Avec 24 City (2008), Jia Zhang-ke poursuit son cinéma, celui d’un observateur qui retranscrit les changements sociaux et économiques de la Chine. Observer, comprendre et montrer sont les leitmotive d’un cinéaste qui se fait témoin privilégié d’un présent qui appelle le passé tout en construisant le futur. 24 City ne déroge pas à la règle et s’inscrit tout comme les œuvres précédentes de Jia à l’image de The World (2004), Stil Life (2006) ou plus récemment Useless (2007) comme une œuvre sans concession où son cinéaste fait preuve d’ingéniosité et de persévérance.
Dans 24 City, Jia Zhang-ke nous présente huit portraits au travers d’un docu-fiction. Huit portraits d’homme et de femme qui racontent l’usine 420 du passé, aujourd’hui. En effet, Jia a pris le soin de développer son œuvre aux moyens de témoignages, certains d’entre eux sont vrais, avec pour témoin des ouvriers de cette part de l’histoire chinoise, d’autres fictifs campés par des acteurs. Un melting-pot forcé puisque ces ouvriers portant la parole d’un passé ne peuvent tous témoigner, alors qu’un cinéaste tente de marquer par son œuvre une période à la fois révolue mais témoin d’une profonde souffrance chinoise. Ce pari Jia l’ose au dépend d’une narration et d’une émotion moins intense, parfois. Ainsi le portrait de « Petite fleur » ne parvient à duper le regard de cette caméra trop réaliste, allant même à créer une certaine gêne face à une narration manquant de sincérité et de vécu, tant dans la gestuelle que le regard. Mais l’on oublie vite ce passage à vide, pour en revenir à la conviction profonde qu’a le cinéaste, car Jia Zhang-ke prend le risque d’une narration fictive, pour retranscrire et compiler un melting-pot d’histoires, d’anecdotes et de récits.
L’audace de Jia Zhang-ke réside dans son devoir de mémoire. Cette audace qu’il campe, Jia la prolonge à travers ce récit mêlant documentaire et fiction via des faits établis et un imaginaire qu’il a créé au grès de ses rencontres. Jia capte avec sa caméra le temps du changement et les émotions pour ceux qui le vivent comme une page qui se tourne pour en écrire une nouvelle.
24 City c’est l’usine 420 dans le Chengdu de nos jours. Cette usine aéronautique militaire, symbole d’une Histoire chinoise, échos du passé devant disparaître pour laisser place à un complexe d’appartements de luxe (baptisé justement 24 City), est le personnage principal de l’œuvre, narré tour à tour par huit personnages de générations différentes, huit expériences individuelles faisant l’échos d’une période.

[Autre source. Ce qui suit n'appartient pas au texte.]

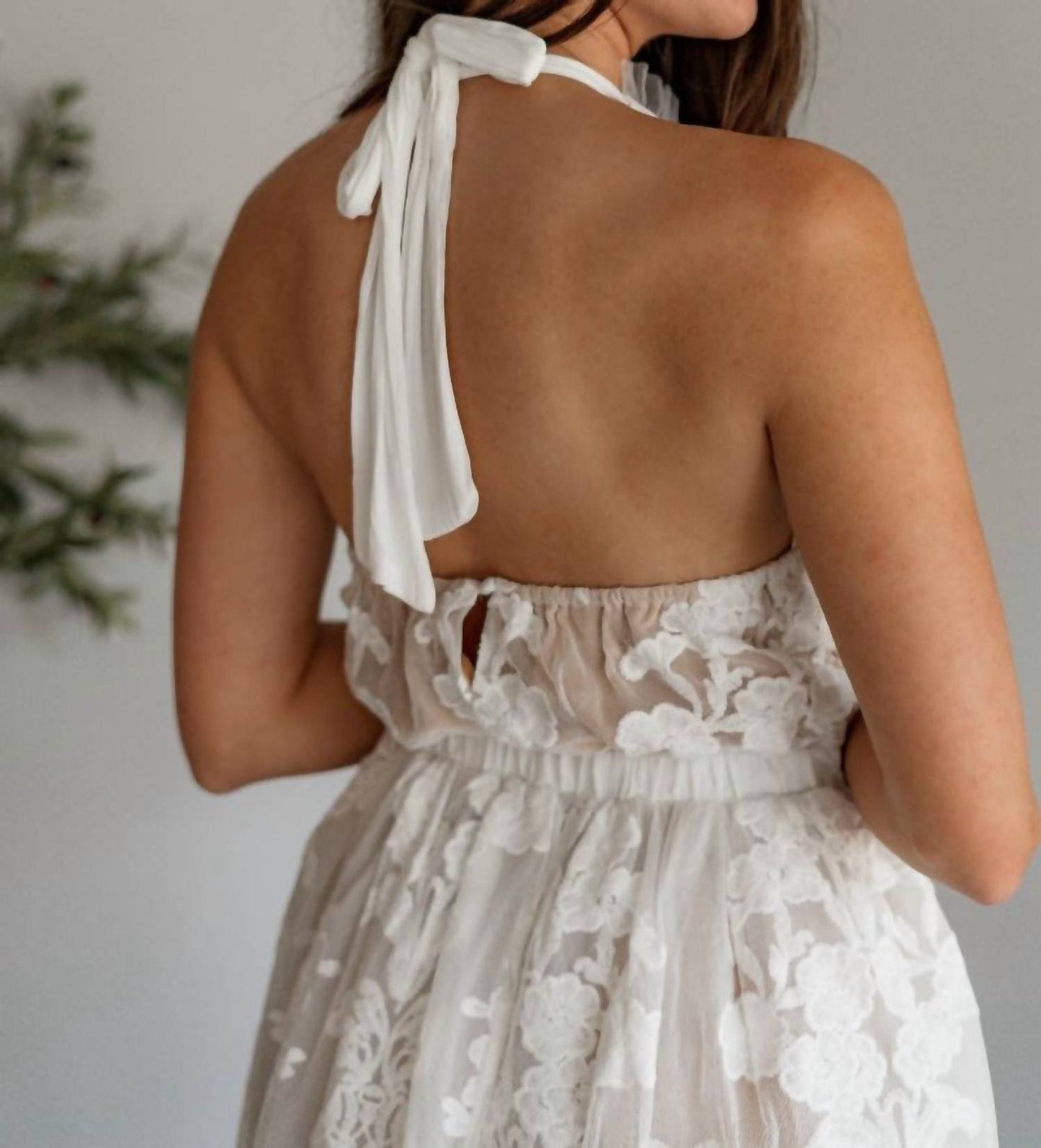 A Father'S Love - Everlasting Love Mini Dress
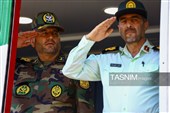 تشییع پیکر شهید سردار محمود ملاجباری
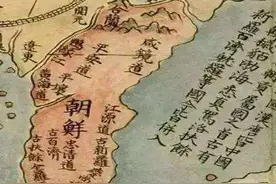 “韩”和“朝鲜”哪个名称更古老？实际上都是中国人起的称呼图片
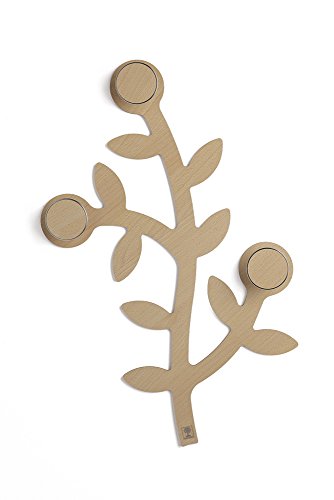 Foppapedretti Appendialbero Coat Hooks natural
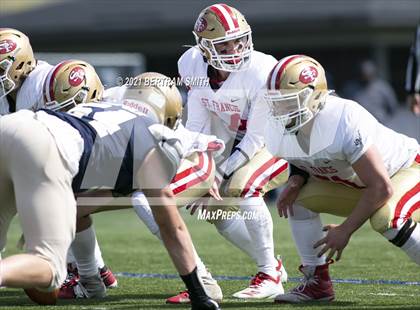 Thumbnail 3 in St. Francis @ Canisius (Monsignor Martin Class A Final) photogallery.
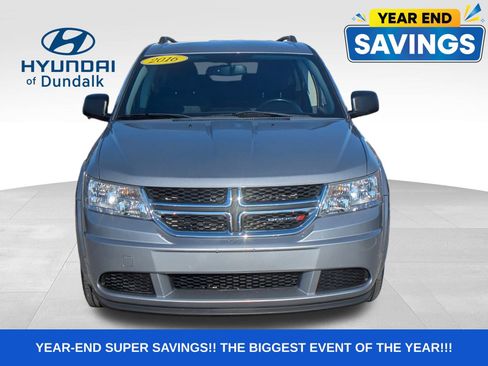 Used 2016 Dodge Journey SE w/ Popular Equipment Group image 2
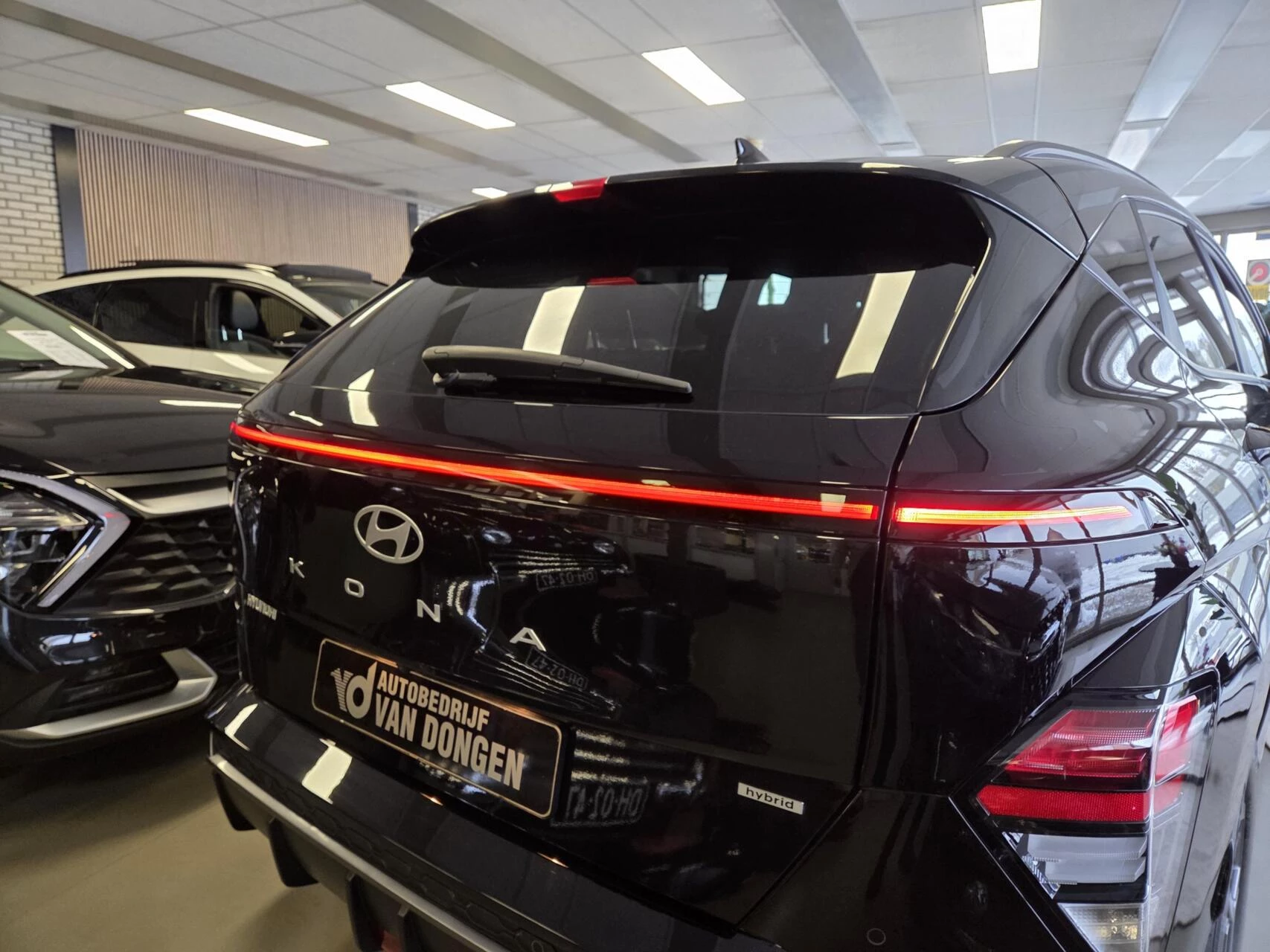 Hoofdafbeelding Hyundai Kona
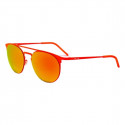 Unisex Sunglasses Italia Independent 0206-055-000 (52 mm) Orange (ø 52 mm)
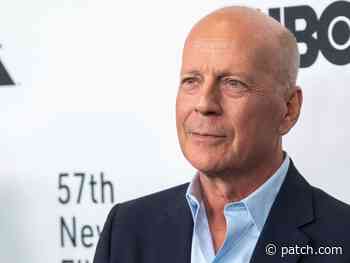 NJ Native Bruce Willis Diagnosed With Aphasia, Will Stop Acting - Patch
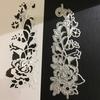 1 set matriță de tăiere durabilă, sigură la atingere, design cu flori de trandafir, imprimare în relief, carduri pentru albume foto, realizarea de matrițe de tăiere pentru realizarea de carduri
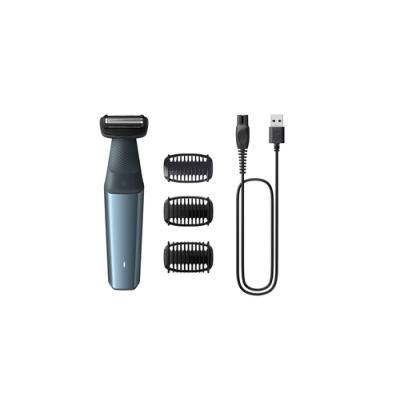 Afeitadora Philips Bodygroom Series 3000 BG3027/ con Batería/ 3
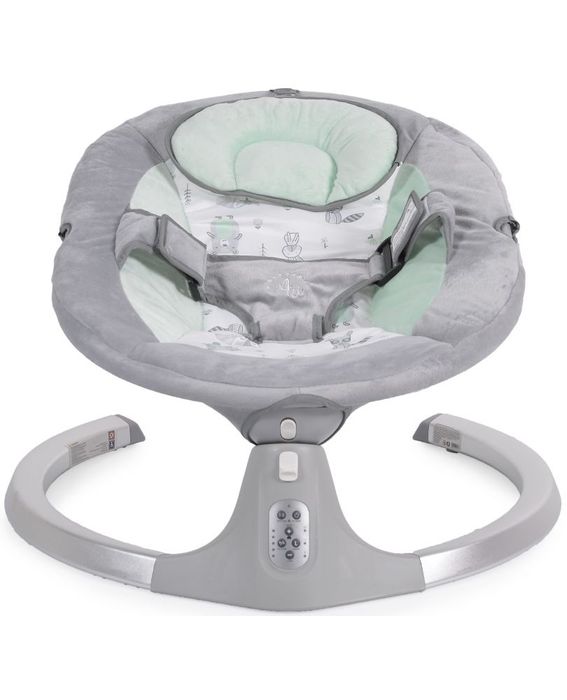 2 бр. Електрическа люлка Moni - Ari, ментова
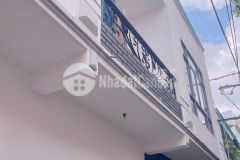 Chính chủ bán nhà khu him lam kiều đàm, ngang khủng 10m, 2 tầng btct, hcđ chỉ 5.4 tỷ tl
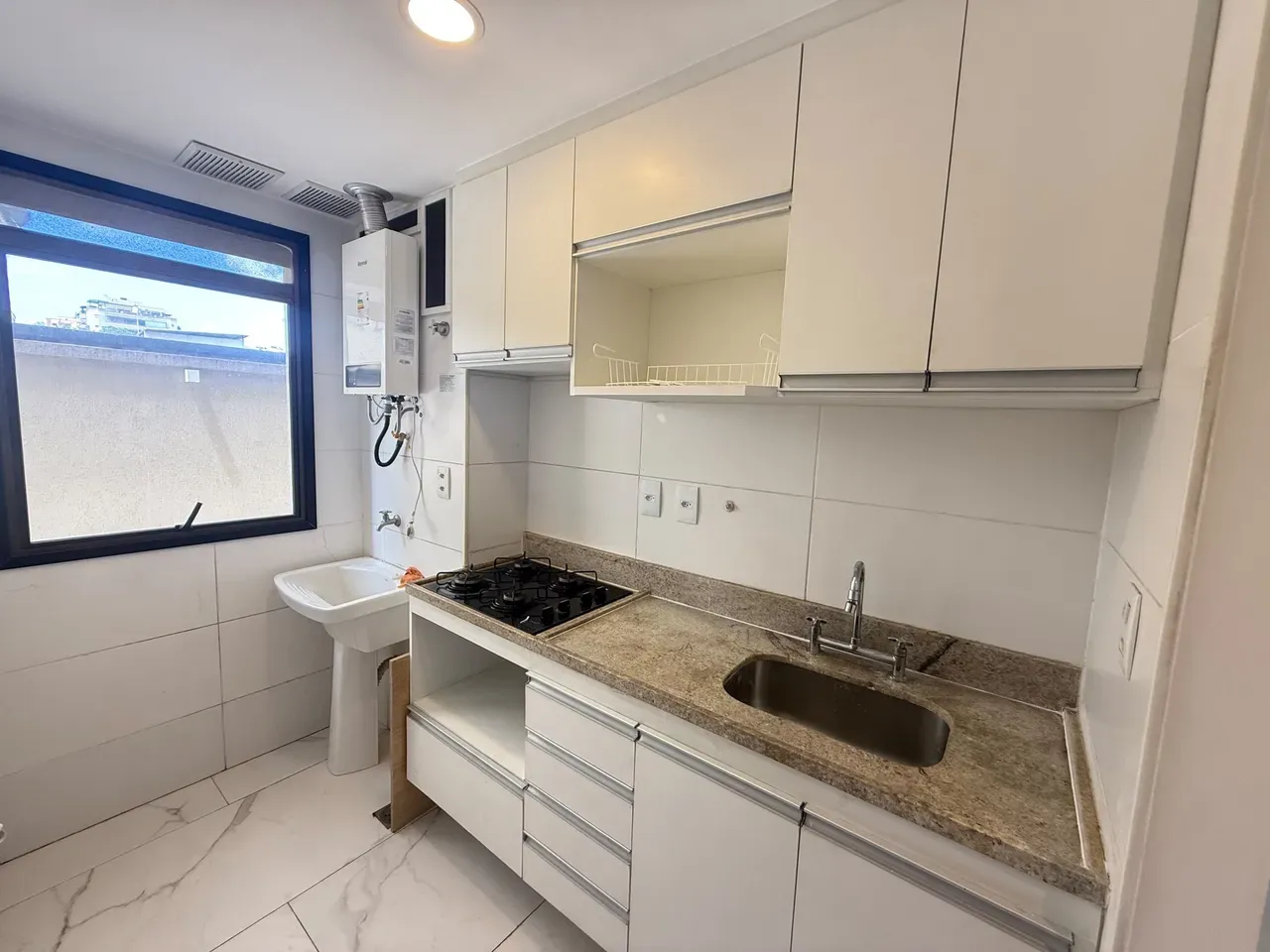 Apartamento, 70 m², com jacuzzi — photo 4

La mise en scène de Jia Zhang-ke dans 24 City est incroyablement complexe même si l’œuvre semble d’une réalisation des plus simpliste. Jia pose sa caméra et filme les derniers vestiges d’une épopée humaine révolue : ateliers, bureaux, couloirs, cours,… les lieux craquelés par le temps et l’Histoire lesquels poussent leurs derniers soufflements captés par le regard du cinéaste. Soixante ans d’histoire, soixante ans d’une tragédie pour ses protagonistes qui portent en eux le travail du temps et les stigmates d’un sacrifice pour la nation.
Le montage, les plans, la musique, les citations qui s’inscrivent sur la pellicule sont merveilleusement employés et participent amplement à la force de 24 City, nous permettant l’immersion de ressentir les émotions distillées tout au long de cette œuvre. C’est en cela que le cinéma de Jia Zhang-ke est important et qu’il démontre avec 24 City, la nécessité de montrer une situation, ses causes et conséquences, ainsi que les bouleversements de tout un peuple. Jia Zhang-ke se fait garant de garder traces de l’éphémère de l’Homme.
I.D.
2 commentaires:
J'ai été très supris d'entendre la chanson qu'interprète Sally Yeh dans The Killer. Je pense que tu as du noter ce moment. Quel beau moment aussi que cette petite chinoise patinant sur un toit d'immeuble. Il y a vraiment de la grâce dans ce cinéma.
Effectivement j'ai aussi été surprise. A croire que Jia Zhang Ke prête une certaine affection à l'oeuvre de John Woo : après le clin d'oeil à A Better Tomorrow dans Still life, et l'imitation de Chow Yun Fat, il reprend la chanson phare de The Killer.